Alkhusyu - Esa adalah
pengakuan hamba terhadap keesaan Allah SWT tertuang dalam kalimat tauhid Laa
ilaaha ilallah, yang berarti tidak ada sesuatu (tuhan) yang berhak disembah
kecuali Allah.
Dikisahkan
dalam Hadis Riwayat Bukhari, dan Muslim, bahwa Rasulullah SAW bersabda kepada
Mu’adz bin Jabal ra,
“Jadikanlah
perkara yang pertama kali kamu dakwahkan ialah agar mereka mentauhidkan Allah
“.
Satu sikap
penting dalam ibadah shalat adalah pengesaan seorang hamba akan Allah sebagai
satu-satunya Tuhan yang disembah. Ungkapan ini dirangkum dalam dua kalimat
syahadat yang selalu dibaca ketika dalam posisi tasyahud; baik tasyahud awal
atau pun pada tasyahud akhir.
“Hai
manusia, sembahlah Tuhanmu yang telah menciptakanmu dan orang-orang yang
sebelummu, agar kamu bertakwa, Dialah yang menjadikan bumi sebagai hamparan
bagimu dan langit sebagai atap, dan Dia menurunkan air (hujan) dari langit,
lalu Dia menghasilkan dengan hujan itu segala buah-buahan sebagai rezki
untukmu; karena itu janganlah kamu mengadakan sekutu-sekutu bagi Allah padahal
kamu mengetahui “.
(QS. Al Baqarah [2]: 21-22).
Definisi ESA
(tauhid) menurut bahasa adalah mengetahui bahwa sesuatu (Tuhan) itu satu.
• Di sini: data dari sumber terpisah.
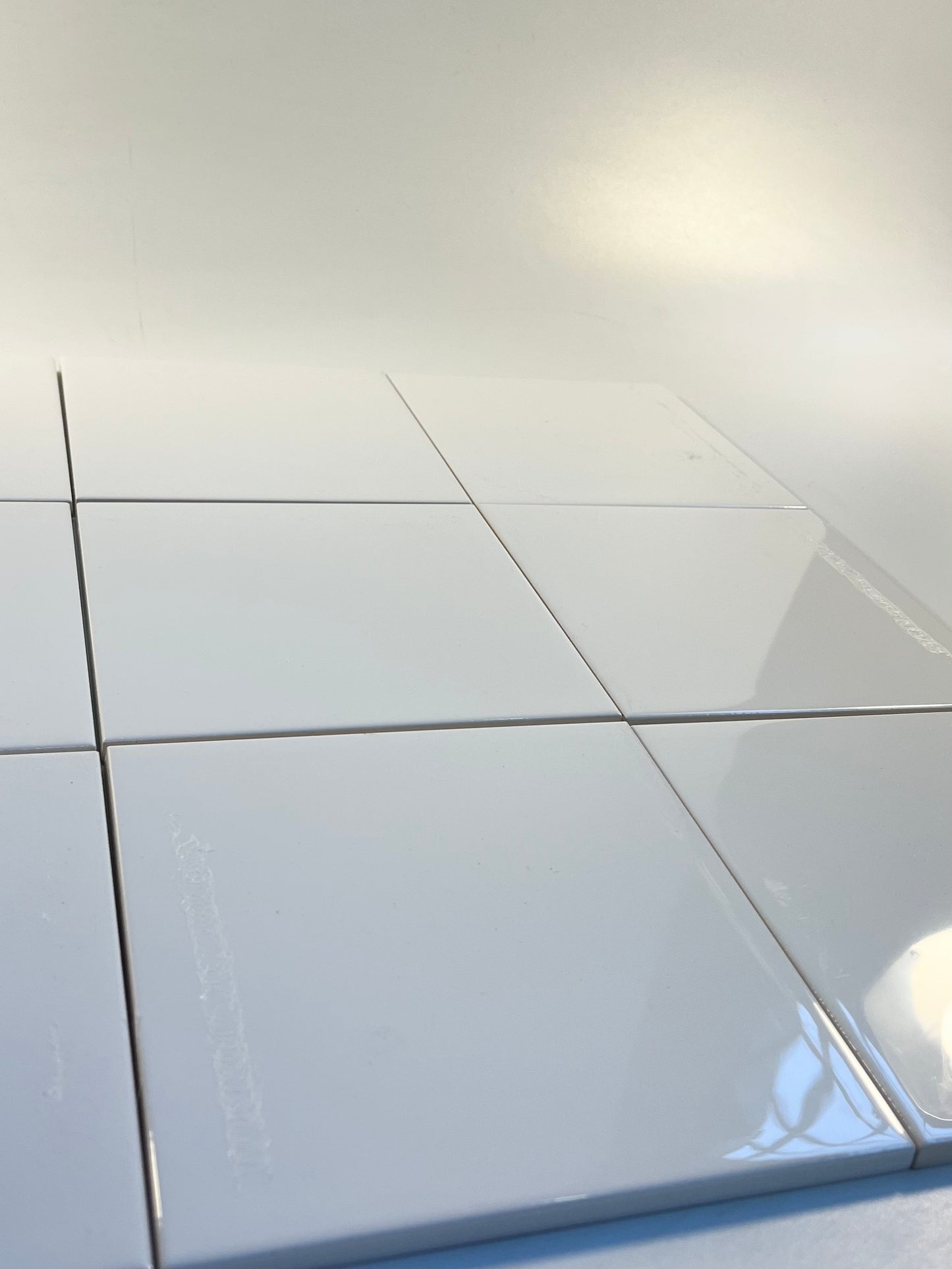 Mosa. Bright White Square Glossy Tile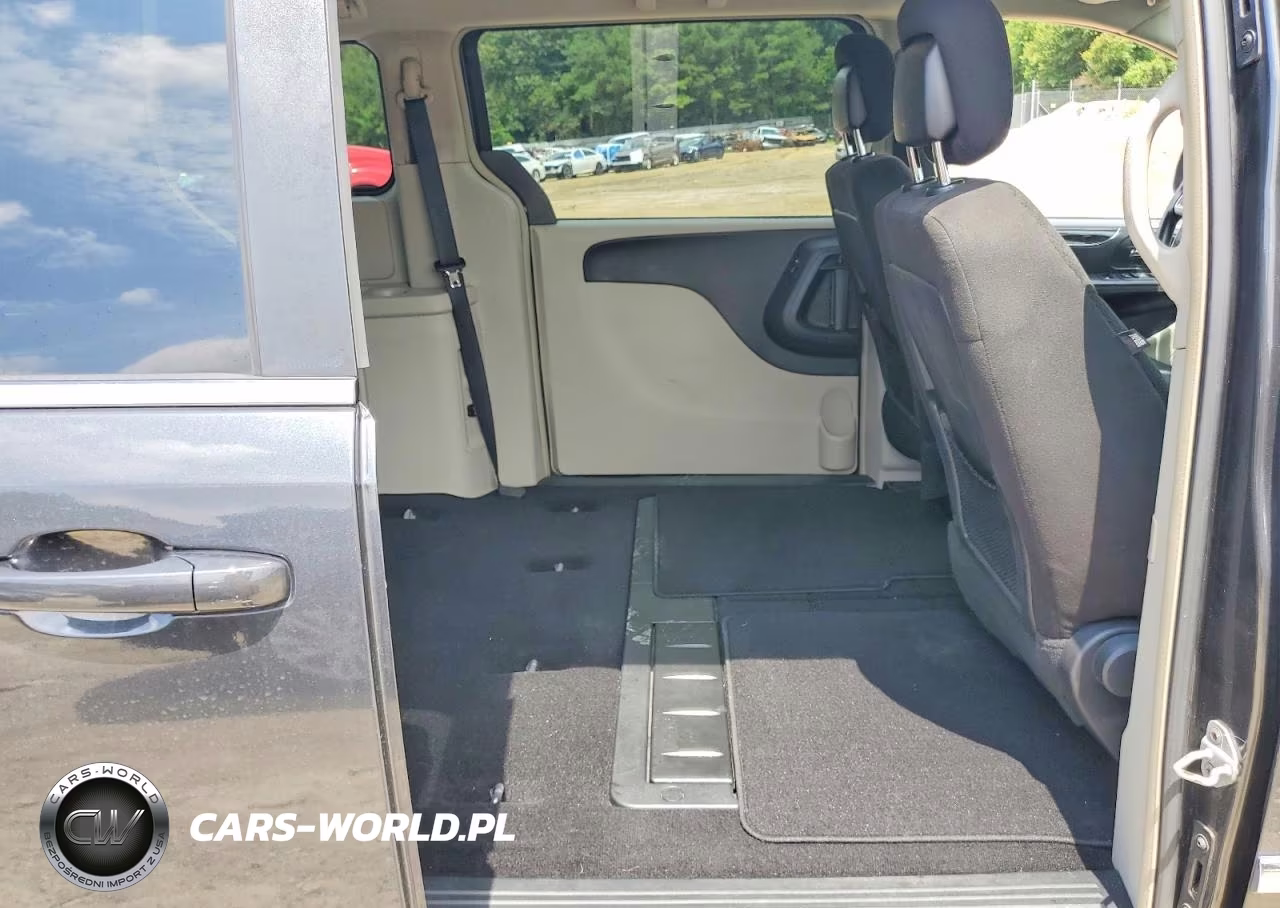 2012 Chrysler Town & Country Touring VIN:2C4RC1BG0CR135701 - 11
Sedangkan secara umum, tauhid dipahami sebagai pengesaan Allah SWT. Agar dalam
mengabdi kepada-Nya tidak menduakan-Nya.
“Barang
siapa mengharap perjumpaan dengan Tuhannya, maka hendaklah ia mengerjakan amal
yang saleh dan janganlah ia mempersekutukan satu jua pun dalam beribadat
kepada Tuhannya. “.
(QS. Al Kahfi [18]: 110).
Pengesaan
yang diungkapkan dengan kalimat Laa ilaaha ilallah (Tidak ada sesuatu
yang kita cintai atau kita sembah selain Allah); dalam hal ini bisa saja berupa
anak kita, pasangan hidup kita, ataupun pangkat, jabatan, materi berlimpah,
maupun hobi, dan lain sebagainya, yang kemudian menghantui dan menguasai
pikiran kita.
Rasulullah
diutus Allah, untuk memperbaiki kembali tatanan kehidupan manusia dalam
berketuhanan dan menyempurnakan syariat sebelumnya. Karena sepeninggal para
nabi sebelumnya, masyarakat telah banyak merubah konsep ketuhanan yang murni (hanif)
menjadi menuhankan para pendeta, rahib-rahib, bahkan menuhankan para nabi sang
pembawa risalah. Masalah ini telah terungkap dalam Al qur’an:
Mereka
itu menjadikan rahib-rahib dan pendetanya sebagai tuhan selain Allah ... [QS. At Taubah [9]:31)
Manusia
menjadikan sesembahan selain Allah, dan mereka mencintai Tuhan seolah seperti
mencitai Allah. Sedangkan orang-orang mukmin mencitai Allah lebih dahsyat lagi
.... [QS. Al Baqarah
[2]:165)
Kemudian
Alqur’an meluruskan kembali dengan menurunkan surat Al Ikhlas, qul huwa
Allahu ahad, Allahu ash shamad,.......
Keberhasilan
Rasulullah untuk menciptakan kondisi kemurnian spiritual masyarakat Arab,
ditandai dengan pembersihan berhala-berhala yang disimpan di dalam Ka’bah.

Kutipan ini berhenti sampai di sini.